START Supplied material

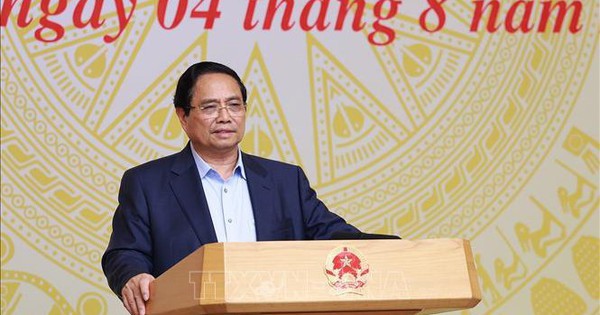 thu-tuong:-50%-doanh-nghiep-khao-sat-cho-rang-ho-tro-tu-dia-phuong-con-yeu-kem
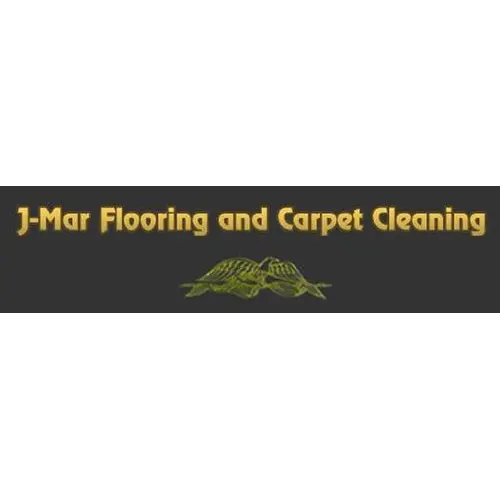 J-Mar Flooring & Carpet Cleaning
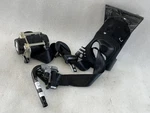 2017 Jaguar Xf Xfr Right Passenger Front Seat Belt And Tensioner. Fixed Price $48.00.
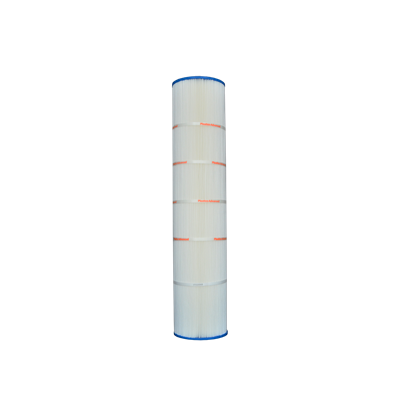 Hayward - Pool Filter Replacement Cartridge - 525 Sq. Ft. - C5025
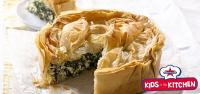 200-cheese-and-greens-filo-pie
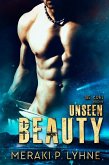 Unseen Beauty (The Cubi, #8) (eBook, ePUB) Unseen Beauty (The Cubi, #8) (eBook, ePUB)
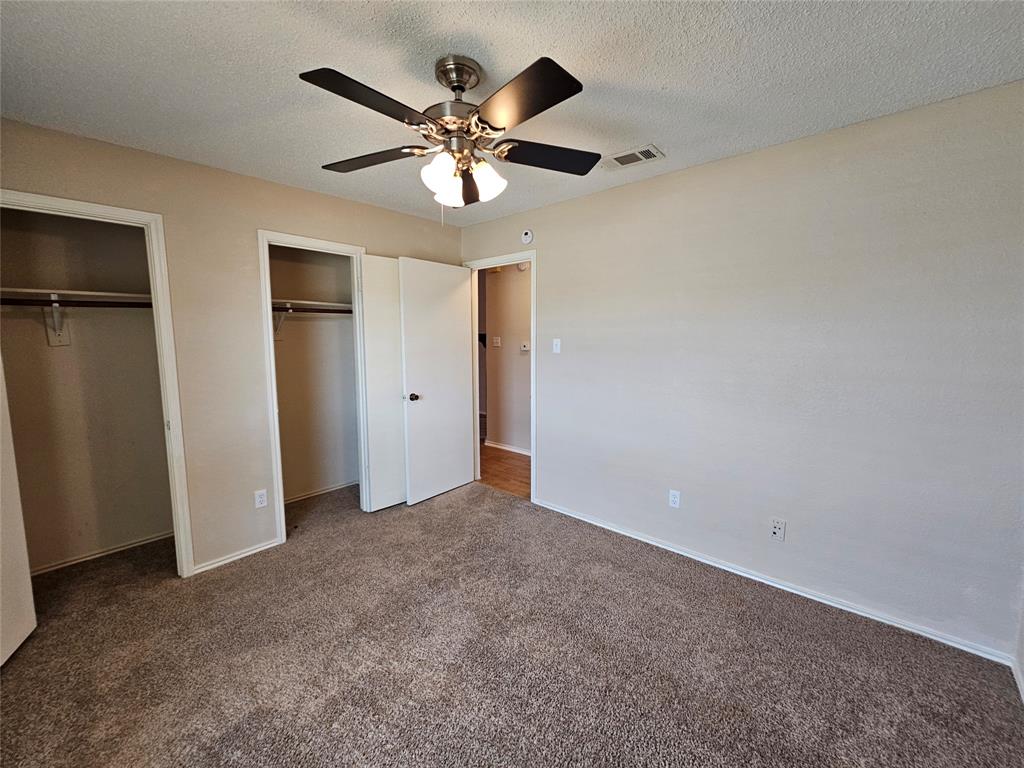 Schreiber Estates - Residential Lease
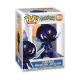 Pokémon - Figurine POP! Ceruledge 9 cm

END Supplied material

__Exercise details__. Would you reproduce the lines from the one with "Schreiber Estates - Residential Lease" through the final line of the data above, exactly and only those, without any pictures?

__Exercise output__.
 Schreiber Estates - Residential Lease
 Pokémon - Figurine POP! Ceruledge 9 cm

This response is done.